Celd'or, yüz yıllar önce Ejder Atası'nın yuvası olan Yüce Yamaç'ın eteklerine kurulmuştu. Krallığın ilk yılları Ejder Atası'nın küçük ve toy yavrularının gazabına karşı verilen mücadeleyle geçmiş, nice yiğit şövalye bu uğurda canından olmuştu. Kaybedilen evlatların ardından Ejder Atası, çocuklarının ayıbını örtmek ve şövalyelerin ruhunu onurlandırmak için krallığın daimi müttefiki olacağını temin ederek topraklarında barışın tekrar hüküm sürmesini sağlamıştı. O günden beri her yıl hasat zamanından sonra 8 gün süren Ejderha Festivali kutlanıyordu. Şövalyeler festival süresince kılıç kuşanmıyor, yemekler topluca kaynatılan kazanlardan uzun sofralara taşınarak birlikte yeniyordu. Alışveriş ve takasın bu dönem daha bereketli olduğuna inanıldığından pazar yeri canlıydı, keseleri doldukça insanların yüzleri aydınlanıyordu. Jerome'un en sevdiği kısım, şüphesiz ki şövalyelerin talim sahasına kurulmuş oyun alanıydı. Bir köşede kafası en az sırtlandığı gülle kadar büyük bir adam, gülleyi önünde sıralanmış beyaz şeritlerin en uzağına atmaya hazırlanıyordu. Diğer bir köşede elinde devasa bir hedef tahtası taşıyan genç bir adam, kendisine atılan kör uçlu mızraklara canlı hedef oluyordu. Sahanın tam ortası ise yetişkinler ve küçük çocuklar için ikiye bölünüp okçuluğa ayrılmıştı. Çocuklar, çoğu yarı sarhoş yetişkinlerden kat be kat mutluydu. Tahta kılıçlarını birbirine vurarak ortalıkla geziniyor, hayali serüvenlere atılıyorlardı. "Ben biraz dolaşacağım." dedi James Jerome'a,

"Sen keyfini çıkar."

"Emin misiniz?"

"Eminim, ama daha fazla oyalanırsan üzerine düşünebilirim."
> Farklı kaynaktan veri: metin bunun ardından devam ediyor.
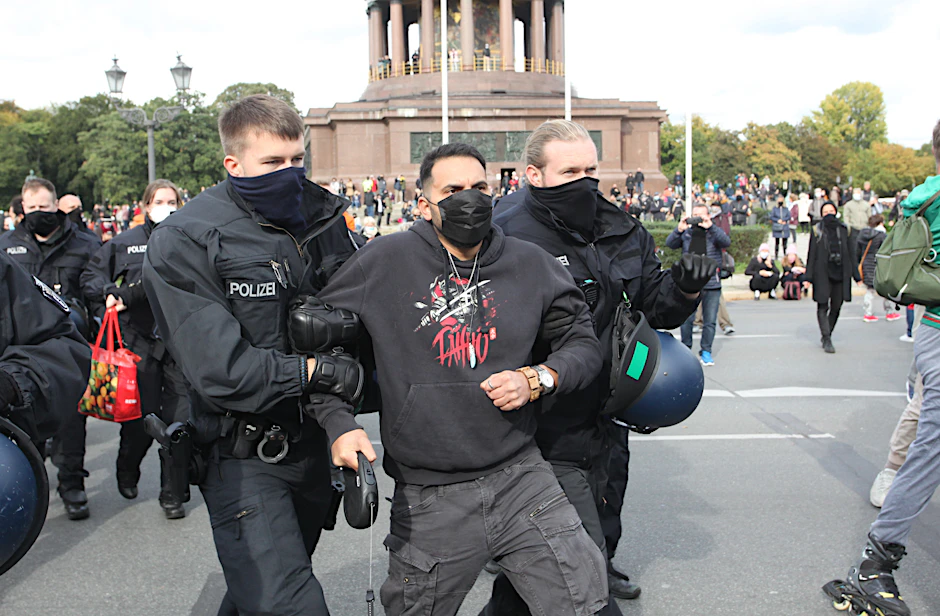 Attila Hildmann wird bei der Demonstration festgenommen.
Jerome topuklarını birbirine vuracak kadar coşkulu bir şekilde kalabalığa karıştı. Başta Kral'a kutlamalar konusunda öfkeli olsa da herkesin bu kadar mutlu olduğunu görmek, onları kendi matemlerine mecbur etmenin bencillik olduğunu düşündürtüyordu artık. James, iki adım arkasında yürüyen saray muhafızlarına bakma gereği duydu. Muhafızlar, varlıklarının fark edilmesini garip bulmuş gibiydiler. "Bir arzunuz mu var, efendim?" diye sordu biri.

"Oyunlara katılmakta serbestsiniz."

Şaşırmış, dahası yürekten istedikleri bir şeyi yapmakla görevlerini yapmak arasında arafta kalmışlardı. "Görüş mesafesinde kalalım, kafi." diye üsteledi James. Sahiden de böylesi yeterli miydi bilmiyordu, ama onun altı boş iddiası muhafızları da ikna etmişti. Kimsenin onun yüzünden eğlenceden mahrum kalmamasının verdiği rahatlıkla bir süre etrafta gezindi ve sürekli etrafında pervane olan tüm bu insanları bu kez o uzaktan seyretti. Jerome sahiden de iyi bir atıcıydı örneğin, çelimsiz görünen vücuduna karşın gülle atmada oldukça maharetliydi. Muhafızlarsa canlı hedefe hayatı zindan etmeyi pek eğlenceli bulmuşlardı. Ara ara başlarını kaldırıp James'e bakınsalar da bir süre sonra tüm ilgilerini oyuna vermişlerdi.